- Nickname: Aladi
- Interactive map of Aladikkumulai
- Country: India
- State: Tamil Nadu
- District: Thanjavur

Government
- • Type: Village panchayat
- • Panchayat President: P. Surya

Languages
- • Official: Tamil
- Time zone: UTC+5:30 (IST)
- Postal code: 614 615
- Website: www.aladikkumulai.blogspot.com

= Aladikkumulai =

Aladikkumulai is a village located in Pattukkottai Taluk, Thanjavur district, Tamil Nadu, India. It is one of the best environmental village in the thanjavur district and the village people are various communities, Veerakodi Vellalar and Nadar, Devar, Ambalakarar, Yadava, Adi Dravida, Muslims and Christians are live in this village. It is located very near the Pattukkottai town. It is sparsely populated.
The village contains a pond called 'Thamarai Kulam', which is most beautiful with the growth of lotus.
The village has a government primary and high school. Also has a private school named 'Brindhavan Higher Secondary School'.
The other name for this village is 'Thamaraikkudikaadu'(தாமரைக்குடிகாடு).

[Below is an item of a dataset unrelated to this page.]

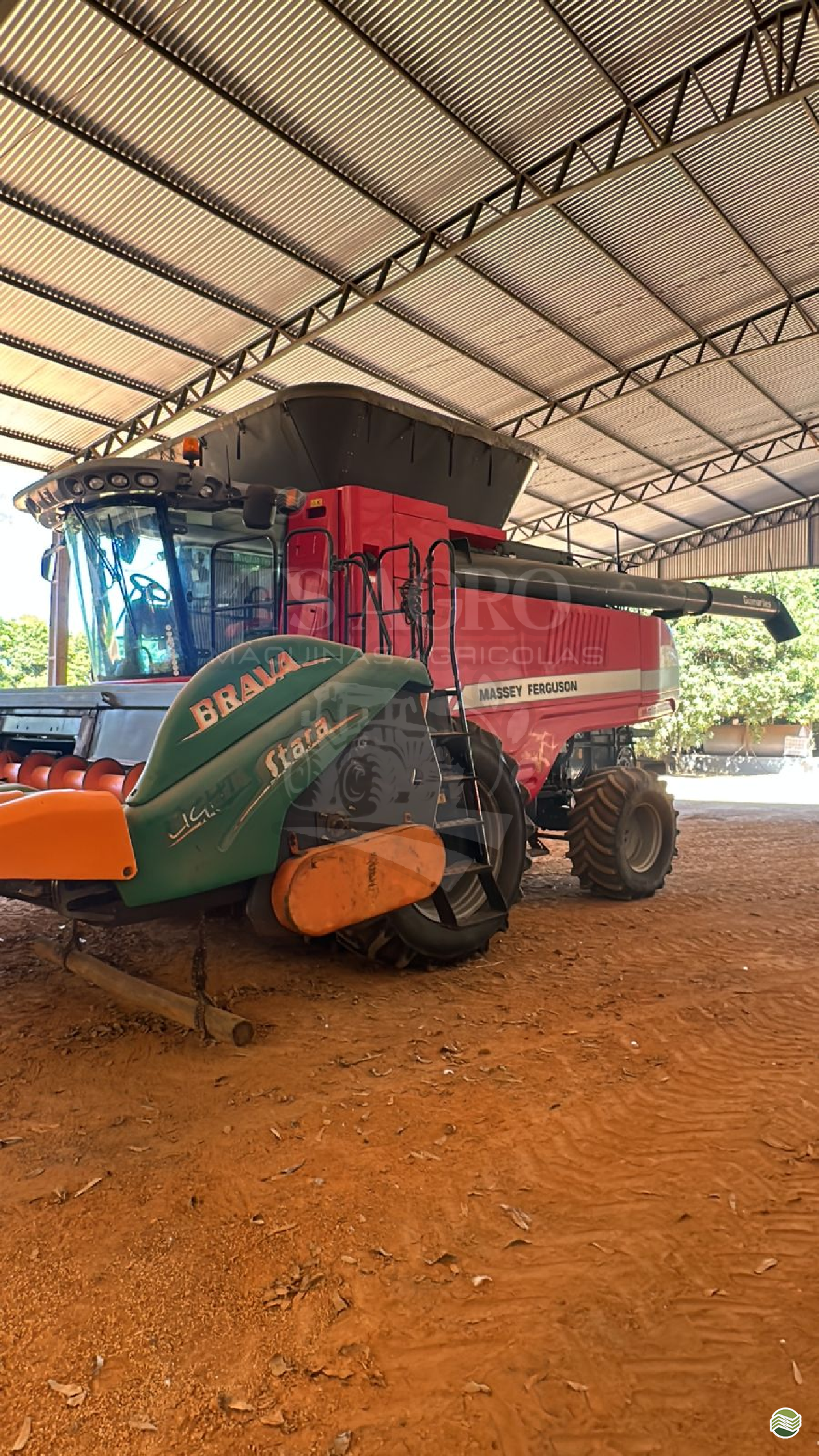 COLHEITADEIRA MASSEY FERGUSON MF 9895 TS Agro Máquinas Agrícolas PRIMAVERA DO LESTE MATO GROSSO MT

Most of the residents are educated. Agriculture used to be the main occupation, but this has declined in popularity, possibly due to lack of water and reduced profitability. There is a temple dedicated to Mari Amman for whom a festival is conducted every year.

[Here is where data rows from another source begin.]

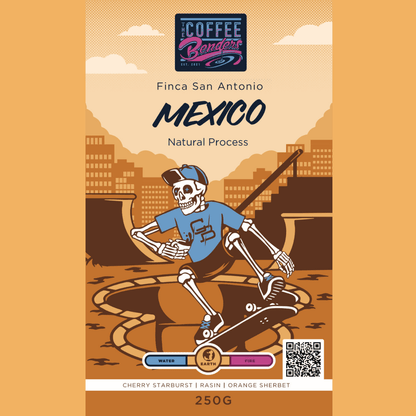 MEXICA - Finca San Antonio - The Coffee Benders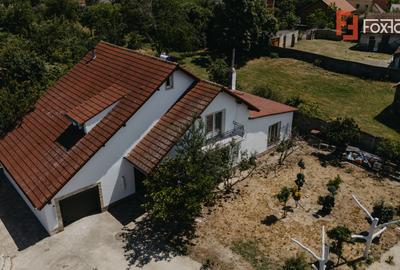 Casa individuala cu 8 camere si lac cu pesti, teren 4424 mp - Jebel - 2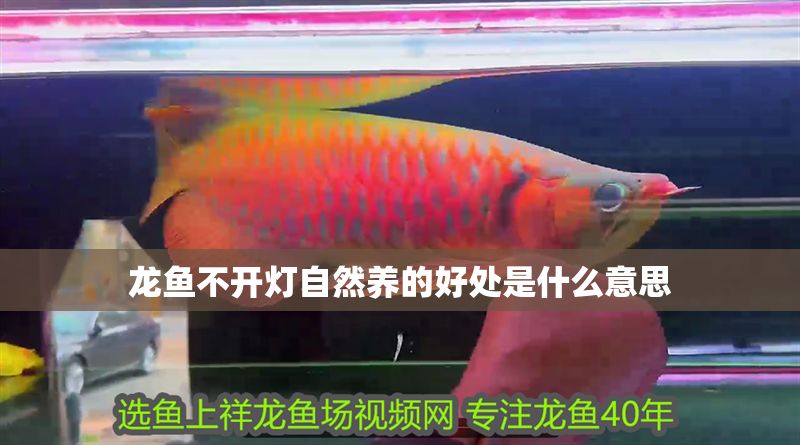 龍魚不開燈自然養的好處是什么意思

Other temples located in this village are Sri Muthumariamman, Sri Kaliamman, Sri Nagathamman, Sri Veeranar, Sri Muneeswaran and Sri Vinayagar.

Tamil is the official language and is predominantly spoken. English is widely understood in the village area. Both languages are widely used for various purposes such as commerce, in the village.